Yeni Üyelik
10.
Bölüm

BÖLÜM 10: ACI GERÇEKLER.

@busrauzun

Merhaba arkadaşlar yepyeni bir bölümle karşınızdayım :)

Keyifli okumalar :)

 

Bir hışımla kolumu Baran’dan kurtardım. Onun bahanelerini duymak istemiyordum. Sabrım çoktan tükenmiş, yerinde yeller esiyordu. Gerçek her neyse öğrenmenin tam sırasıydı.

‘’Baran yeter artık. Ben kaçmıyorum. Buradayım. Neyse artık şu gerçekler bırak da öğreneyim olur mu?’’ dedim sinirle. Onu arkamda bırakarak evin çıkışına doğru ilerledim. Hızla kapıyı açmamla kapının ardındaki Ali’nin içeriye doğru sendelemesi bir oldu.

‘’Neva bütün gece sana ulaşmaya çalıştım. Neredeydin? Bu halin de ne! Yaralandın mı yoksa?!’’ Ali kanlı kıyafetlerime korkuyla bakıyor, baştan aşağı bedenimi süzüyordu.

‘’Üstümdeki benim kanım değil Ali.

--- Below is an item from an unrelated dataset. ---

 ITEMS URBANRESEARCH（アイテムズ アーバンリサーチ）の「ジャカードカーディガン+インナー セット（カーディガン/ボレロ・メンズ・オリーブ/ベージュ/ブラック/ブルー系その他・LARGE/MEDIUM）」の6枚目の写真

Endişelenme. İçeri gelsene… Görmen gereken biri var.’’ çekinerek Ali’yi eve davet etmiştim. Artık kaçamazdım. Baran ve Ali’nin yüzleşmesi gerekiyordu. Kesinlikle bana anlatmadıkları şeyler vardı. Bu gece herkes eteğindeki taşları dökecek, üçümüzün arasında gizli saklı kalmayacaktı.

Ali salonun ortasında dikilen Baran’ı görür görmez duraksadı. Yüzündeki şaşkınlığı görmemek imkânsızdı. Belli ki Baran’ın cezaevinden çıktığından haberi yoktu.

‘’Baran?...’’ dedi Ali mırıldanarak. Bakışlarındaki telaşa rağmen başını dik tutuyor, kendince ona meydan okuyordu.

Baran kollarını göğsünde birleştirmiş, tam karşımızda ayakta duruyordu. ‘’Hoş geldin yok mu Ali? Ya da geçmiş olsun?’’ dedi soğuk bir tavırla. Gözünü kırpmadan Ali’ye bakıyordu.

Baran’ın yüzünde beliren ifadeyi daha önce görmediğime emindim. Resmen avına kilitlenmiş vahşi bir hayvandan farkı yoktu. Bırakılsa her an Ali’nin üstüne atlayıp onu parçalara ayırmaktan zevk alabilirdi. Aralarındaki gerilim had safhadaydı.

Baran, yavaş adımlarla Ali’nin burnunun dibine kadar geldi ve aniden durdu. Bense aralarına girmeye hazır bir şekilde yanı başlarında dikiliyordum. Gözlerim ikisinin üstünde gidip geliyor, kavga çıkmasından korkuyordum.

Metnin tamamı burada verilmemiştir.